A new Stormont Brake will apply to new or amended EU goods rules that would have a significant impact on the day-to-day lives of businesses and citizens - a trigger which will operate in line with the normal operation of cross-community safeguards in Northern Ireland, fully in line with the spirit and practice of the Belfast (Good Friday) Agreement. And once pulled, that Brake will give the UK Government the sovereign power to veto the new EU rule from ever applying in Northern Ireland. That veto can only be challenged through independent arbitration mechanisms, not the ECJ - removing the ultimate authority of the ECJ in areas in which it would affect day-to-day lives. The result is that EU laws will apply only where strictly necessary to provide privileged access to the whole of the EU market under a new legal framework of democratic consent and control. And we will underpin this new framework through amendments to the Northern Ireland Act 1998 to provide constitutional and democratic guarantees for the people of Northern Ireland.

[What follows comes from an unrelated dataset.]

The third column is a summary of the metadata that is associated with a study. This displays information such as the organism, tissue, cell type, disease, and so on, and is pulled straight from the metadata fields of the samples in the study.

j. With this new agreement, the Government fully preserves its longstanding commitments to ensure Northern Ireland’s businesses have full unconditional and unfettered access to their most important market in Great Britain, while maintaining their privileged access to the whole of the EU market. But it also recognises the important responsibilities that come with that delicate balance, including the compromises made by the EU in respect to how it protects its internal market. Inherent in this new way forward is the prospect of significant divergence between the two distinct economies on the island of Ireland - from food and drink to plants and pets, building on the existing differences in every area of economic and political life such as services, migration, currency and taxation. This will require increased market surveillance North-South in some instances to ensure that there is no abuse of these arrangements to move goods across the international border from Northern Ireland into Ireland, and new requirements on Ireland and other EU Member States to ensure that sensitive products such as food are not moved illegally across that international border. The Government also recognises the separate responsibility to strengthen our own protections for the UK internal market - using the full remit of the Office for the Internal Market, and sharing trade data to ensure that it can monitor and provide assurance that future regulatory changes minimise trade diversion or the creation of new regulatory barriers within the UK internal market.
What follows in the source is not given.